_DATA EXCERPT_:
****************

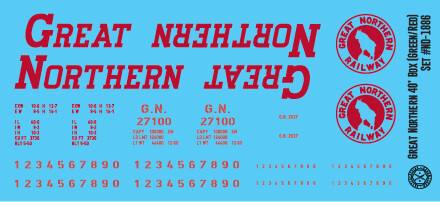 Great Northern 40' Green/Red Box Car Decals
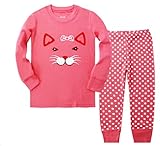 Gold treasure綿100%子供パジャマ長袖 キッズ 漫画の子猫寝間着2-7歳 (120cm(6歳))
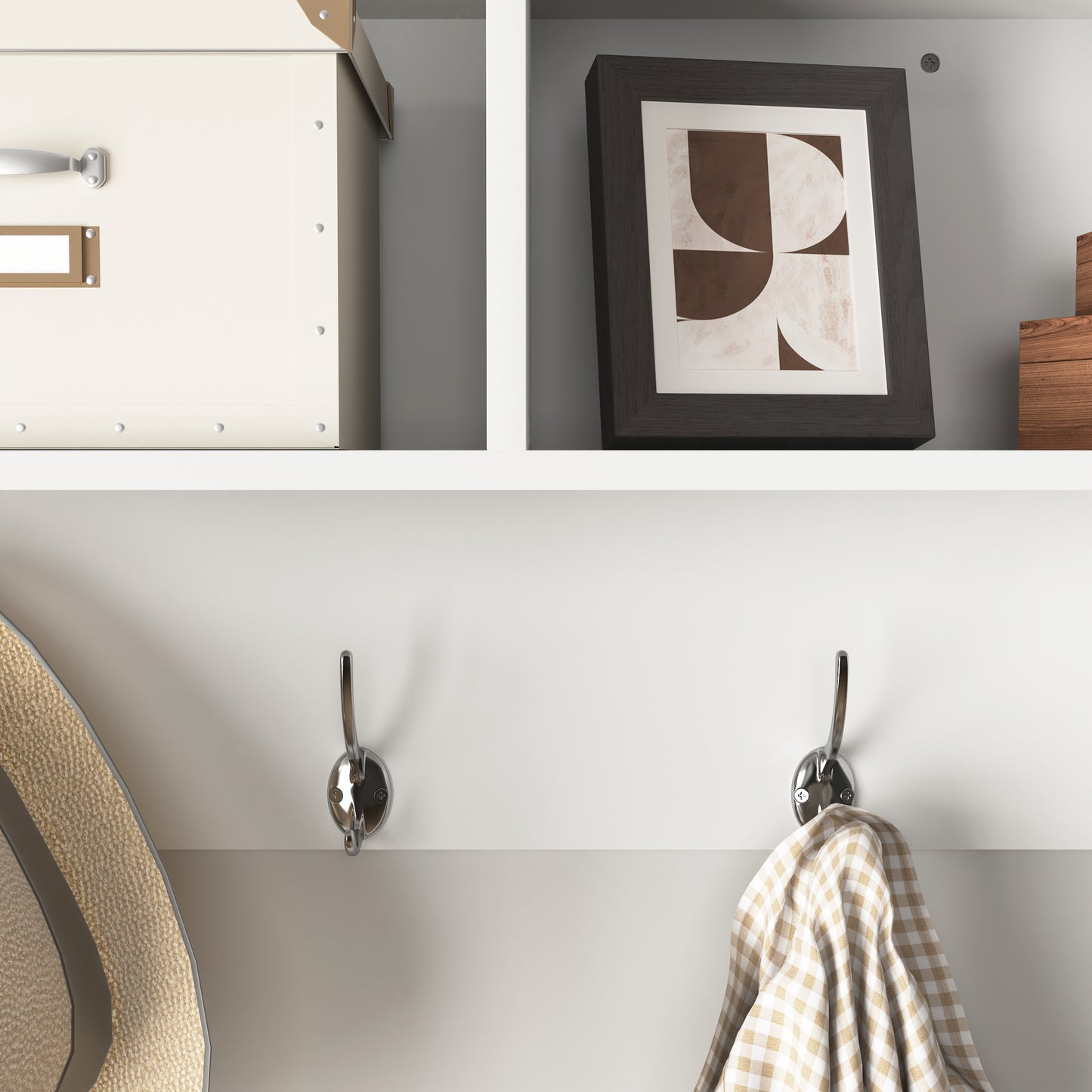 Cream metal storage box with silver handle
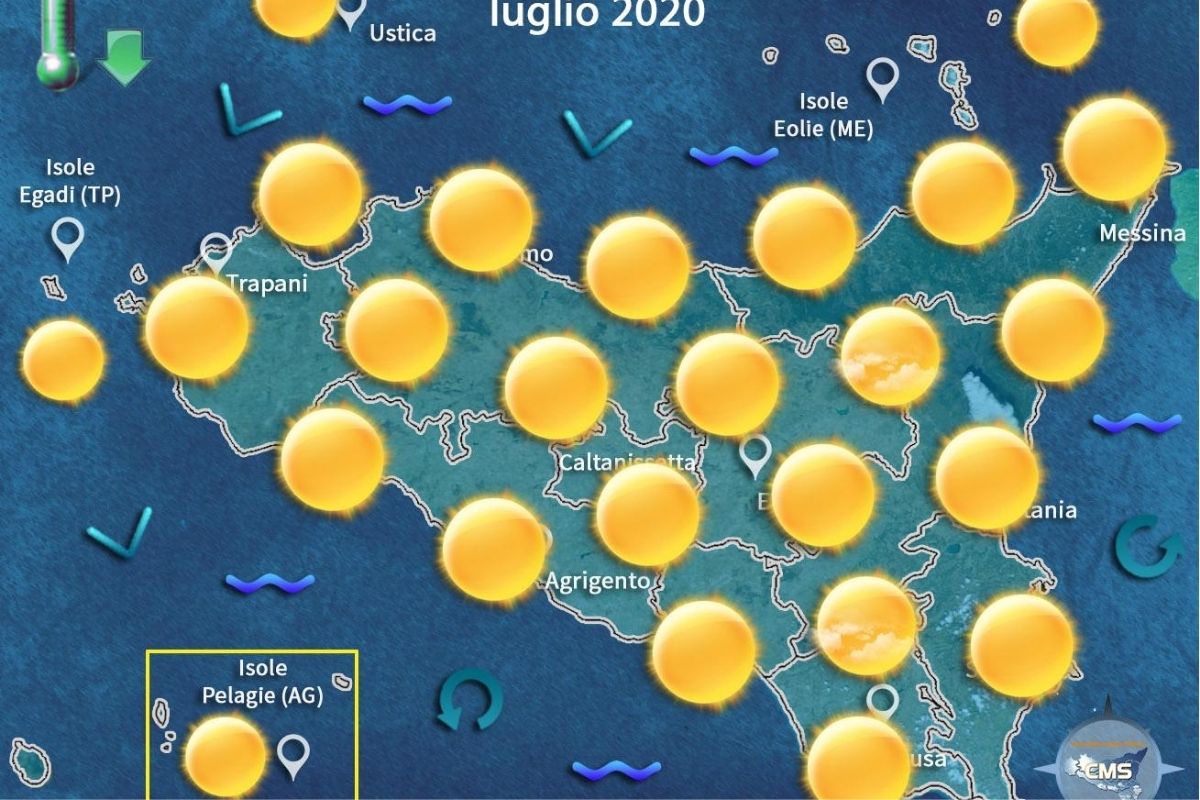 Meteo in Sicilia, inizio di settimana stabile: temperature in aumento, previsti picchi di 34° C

****************

_TASK TO COMPLETE_: Each line from the one with "Gold treasure綿100%子供パジャマ長袖 キッズ" to the final line of the data above is to be printed exactly; no picture should appear in the copy.

_ANSWER BELOW_:
 Gold treasure綿100%子供パジャマ長袖 キッズ 漫画の子猫寝間着2-7歳 (120cm(6歳))
 Cream metal storage box with silver handle
 Meteo in Sicilia, inizio di settimana stabile: temperature in aumento, previsti picchi di 34° C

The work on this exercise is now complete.